France ‘red carpet’ for UK firms

Reacting to David Cameron’s speech on Europe, Laurent Fabius said: “If the UK decides to leave the EU, we will roll out the red carpet to businessmen.”

But business groups in the UK expressed support for Mr Cameron’s speech, reports The BBC.

The prime minister has pledged to hold fresh negotiations and an “in/out” referendum on UK membership of the EU.

“You can’t do Europe a la carte,” Mr Fabius said, responding to the pledges.

“I’ll take an example which our British friends will understand. Let’s imagine Europe is a football club and you join, but once you’re in it you can’t say let’s play rugby.”

But the UK’s biggest business organisation, the CBI, was more supportive.

“The Prime Minister rightly recognised the benefits of retaining membership of what must be a reformed European Union,” said the director general, John Cridland.

“The single market is fundamental to the UK’s success, but closer union of the eurozone is not for us.”

Well-known venture capitalist, Jon Moulton, founder of Better Capital, also welcomed David Cameron’s speech.

“It was definitely in the direction we’d favour,” he told the BBC.

“It’s about getting the EU to be less bureaucratic, and to stop them shoving some legislation down out throats.”

But Mr Moulton said he was concerned about the uncertain environment for business over the next five years.

“The timescale will be protracted, and the only certainty is that we’ll now have five years of uncertainty.
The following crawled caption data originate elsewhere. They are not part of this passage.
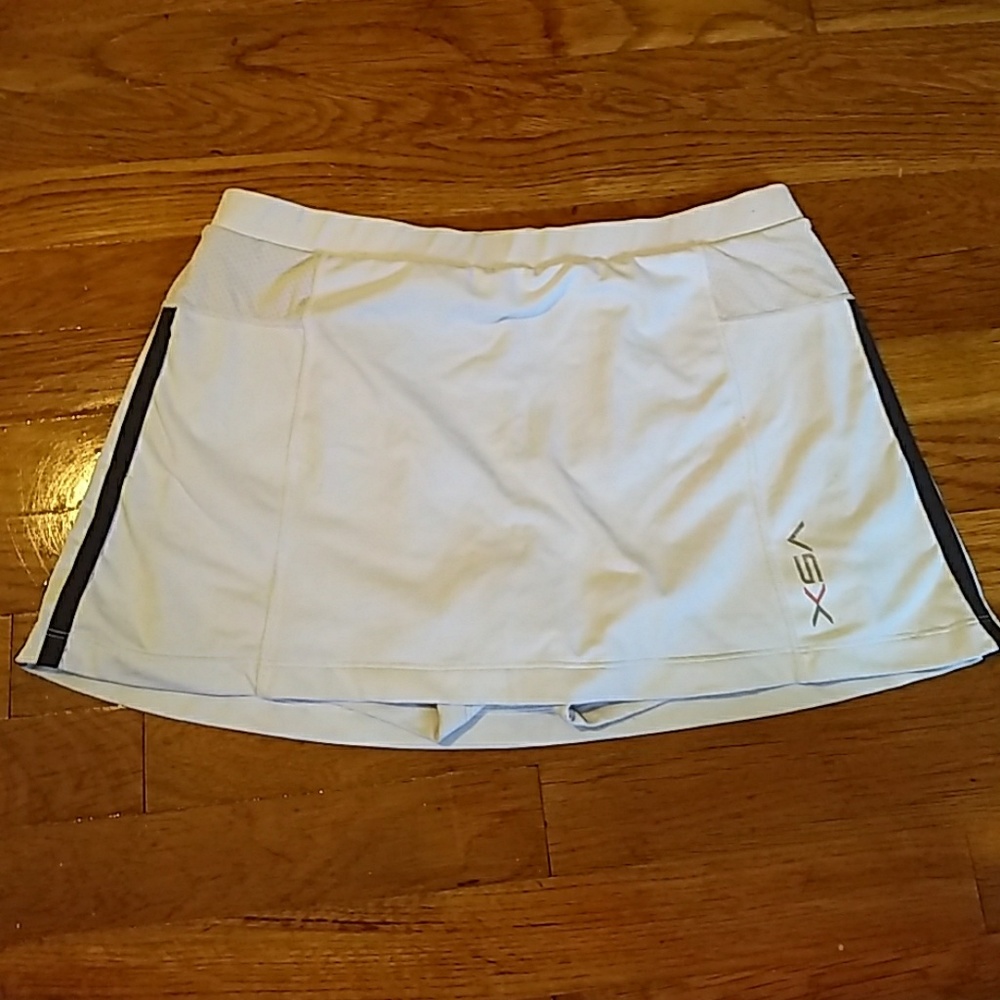 Vsx white workout skort shorts/skirt size medium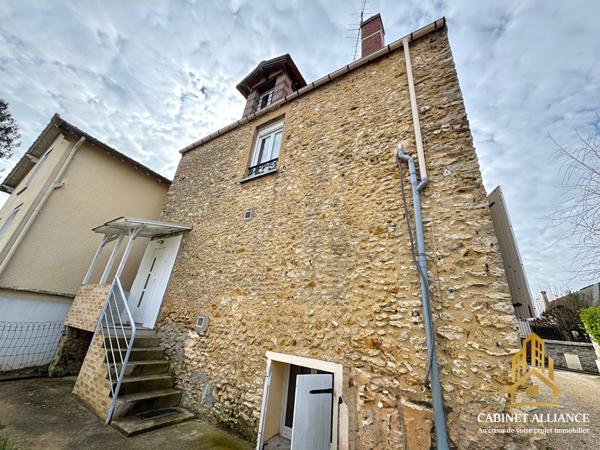 Immeuble à vendre à Cesson - Réf. 223 - 6 pièces, 4 chambres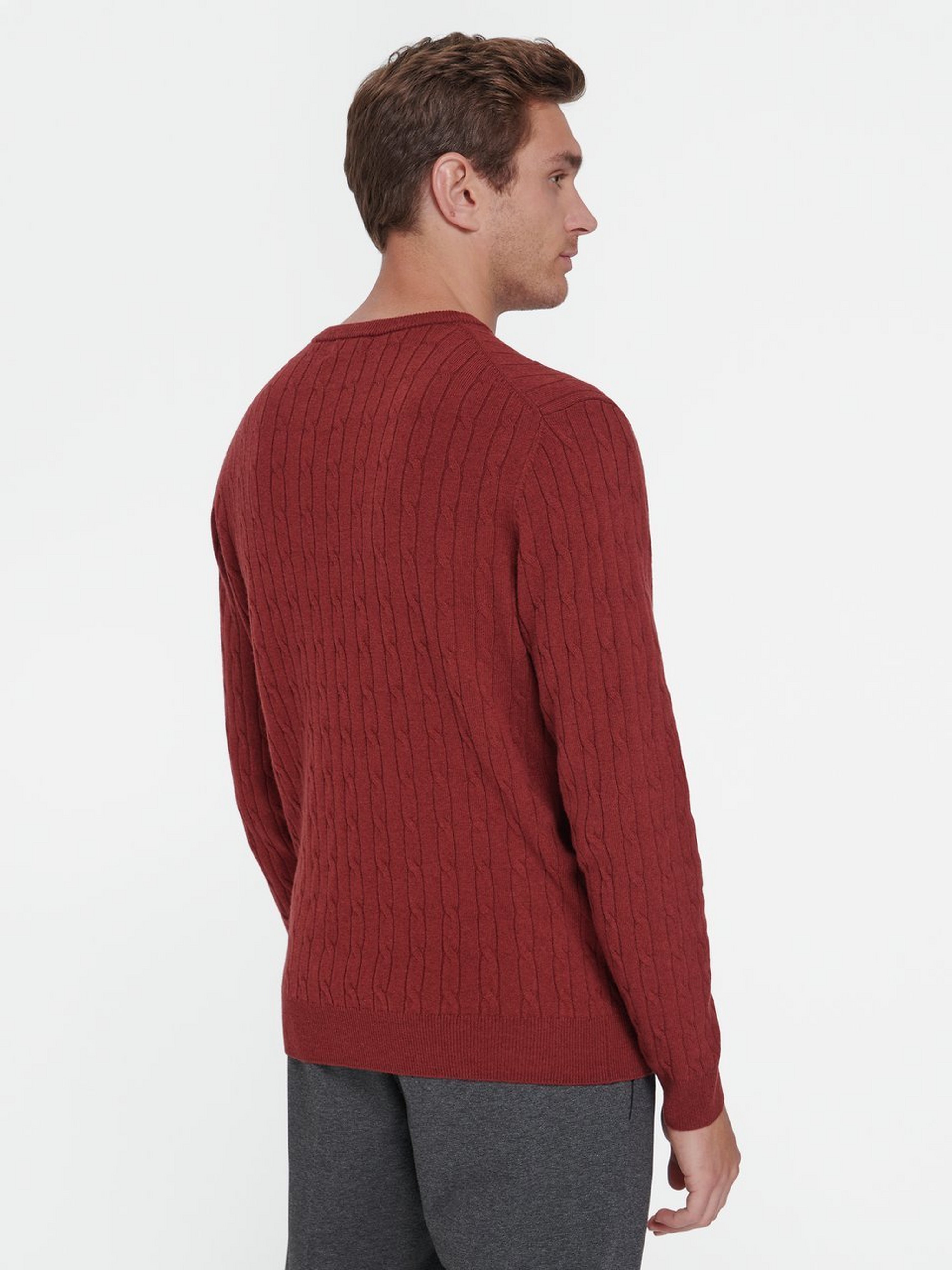 Rundhals-Pullover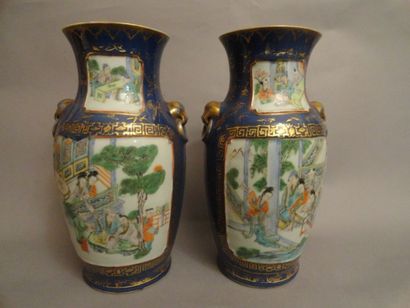 CHINE (Canton) Paire de vases balustre décorés en polychromie de scènes de cour dans...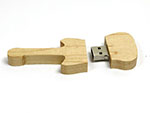 Gitarre USB-Stick aus Holz mit Logodruck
It’s pretty adverse for people investing in the UK that there’s not going to be a decision for five years.”

The speech was also the talk of Davos in Switzerland, where business and political leaders from around the world are gathering for the World Economic Forum.

David Sproul, the UK boss of accountancy firm Deloitte was also critical, citing the years of uncertainty that now lie ahead for foreign investors in the UK.

“The Europe debate does not help to create certainty,” he said.

“When I talk to US clients who have not been immersed in the European debate as we have, they say that what they need is clarity. There is no question it will impact business – it will hit investment into the UK,” he told BBC News at the gathering held annually at the Swiss ski resort.